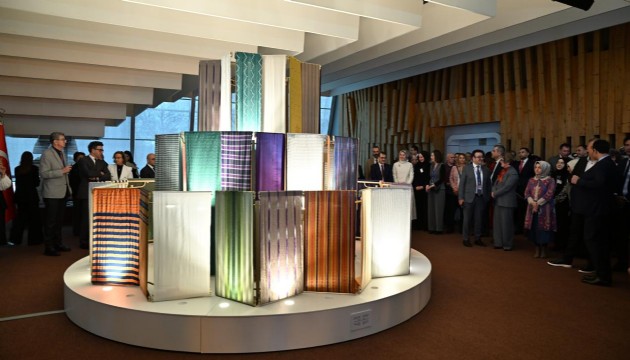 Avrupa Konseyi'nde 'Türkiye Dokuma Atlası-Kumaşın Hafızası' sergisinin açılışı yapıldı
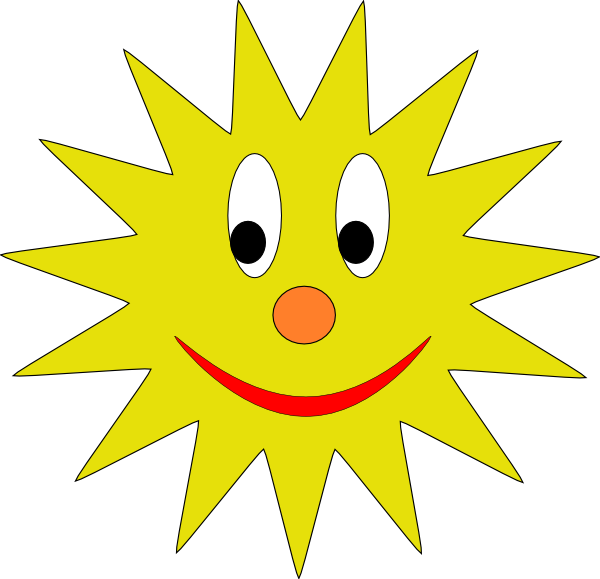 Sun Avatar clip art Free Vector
|---|
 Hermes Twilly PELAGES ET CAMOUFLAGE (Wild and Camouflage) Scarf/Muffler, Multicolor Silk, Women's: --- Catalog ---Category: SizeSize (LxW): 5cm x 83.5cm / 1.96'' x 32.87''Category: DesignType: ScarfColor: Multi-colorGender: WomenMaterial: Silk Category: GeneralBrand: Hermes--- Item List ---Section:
|---|
• WHAT YOU WILL DO
Respond with the exact lines above running from the one containing "Avrupa Konseyi'nde 'Türkiye" to the one containing "Sun Avatar clip art Free Vector", both ends kept and no pictures included.

• ANSWER TO THIS PROBLEM
 Avrupa Konseyi'nde 'Türkiye Dokuma Atlası-Kumaşın Hafızası' sergisinin açılışı yapıldı
 Sun Avatar clip art Free Vector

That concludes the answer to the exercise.